A trio of media executives, including Leo Hindery and Steven Brill, have formed a venture aimed at helping online news organizations get paid for their content at a time when ad revenues are plummeting.
Journalism Online LLC, also co-founded by former Wall Street Journal publisher Gordon Crovitz, envisions an electronic-commerce platform that news sites could incorporate that would collect payments from consumers.
Hindery, the former top cable operation executive, is managing partner at Intermedia Partners, a media industry investment firm whose holdings include Sportsman Channel, Gospel Music Channel and various outdoor-sports magazines. Brill's past ventures include Court TV and the journalism-industry magazine Brill's Content.
Individual publishers would also set their own policies about paying to see their content, with Journalism Online collecting the money, the venture said in a news release.
The Times and Paidcontent.org reported the venture hopes to have a product ready as soon as this fall.
"The website will provide a way for publishers of quality journalism to charge whatever they believe is a reasonable amount for their content in ways that are seamlessly convenient for readers," Hindery said in the venture's release. "The only condition of participation is that the publishers have to charge for some portion of their content. They can do this while also offering the first portion of all articles for free, or by making a certain number of articles free each month for potential customers to sample, or by employing any other strategy they choose to balance the prospect of online circulation revenue with the need to maintain traffic and advertising revenue."

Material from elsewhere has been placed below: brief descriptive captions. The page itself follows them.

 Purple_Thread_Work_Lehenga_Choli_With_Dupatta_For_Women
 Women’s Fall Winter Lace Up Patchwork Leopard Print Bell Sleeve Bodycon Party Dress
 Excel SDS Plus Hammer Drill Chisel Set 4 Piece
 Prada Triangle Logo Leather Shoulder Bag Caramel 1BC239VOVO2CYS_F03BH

The venture also would attempt to sign licensing deals with "intermediaries such as search engines and other websites that currently base much of their business models on referrals of readers to the original content on newspaper, magazine and online news websites."

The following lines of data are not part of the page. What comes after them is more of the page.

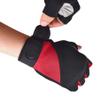ChinFun Kayaking Gloves for Men Padded Palm Fingerless Gloves for Water Ski, Canoeing, Windsurfing, Kiteboarding, Sailing, Jet Skiing and Stand-UP Paddle Boarding Red & Black L view 3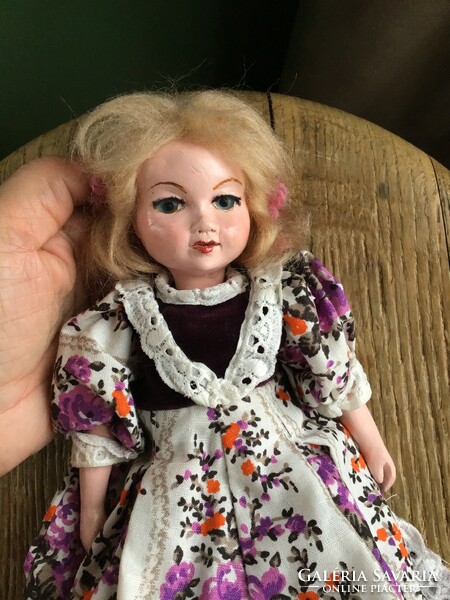 Artist doll with hand-painted ceramic head and ceramic limbs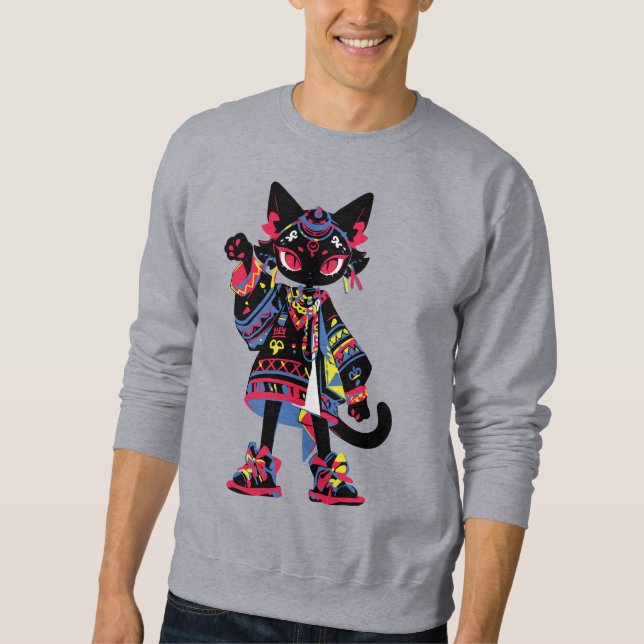 Sudadera Gato místico de Kawaii - Tee de espíritu tribal co (Anverso)
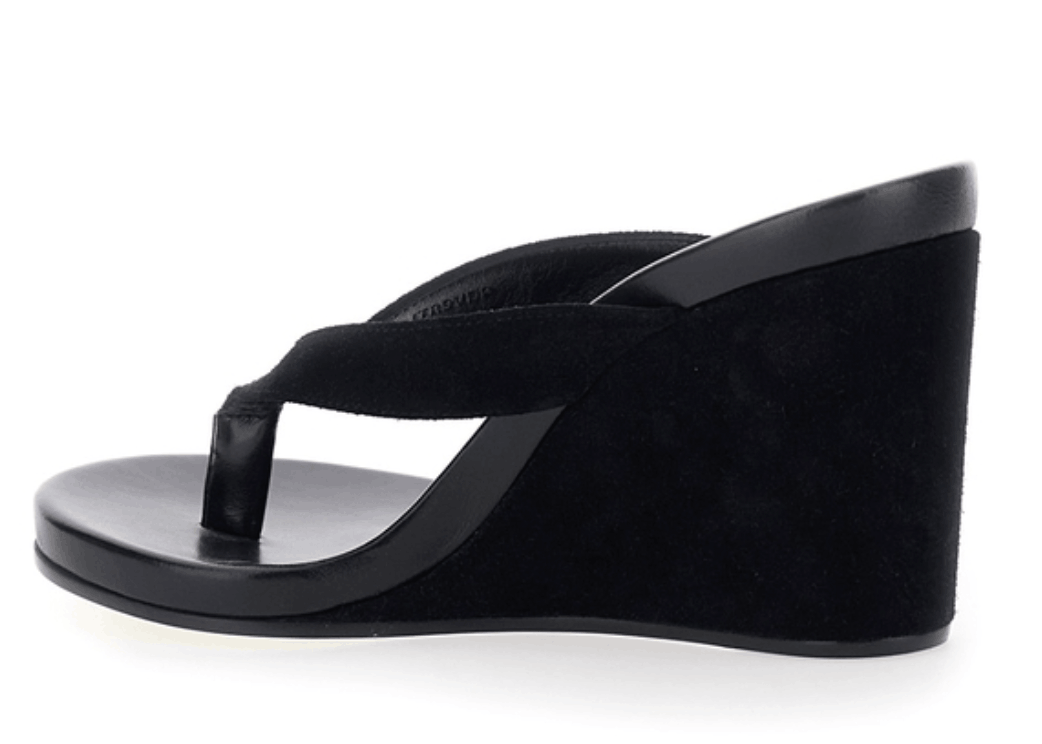 Suede wedge thong sandals in black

Attorneys David Boies and Theodore Olson are advising the venture, and the law firm of Boies Schiller has been retained to assist in negotiations and provide counsel.
Brill said in the release the venture has begun talks with most major newspaper and magazine publishers and some online news organizations.
"We've all heard some people say that Internet journalism needs to be free because other less-valuable content is free," Brill said in the release. "But we believe Americans know that advertising alone can't support quality journalism - and the truth is that it never has. The irony is that by using the Internet publishers of newspapers and magazines have dramatically improved the quality and breadth of their journalism with online updates, video reports, blogs, data analyses, and specialized beat coverage. The problem is that, with rare exceptions, they are getting paid nothing for it."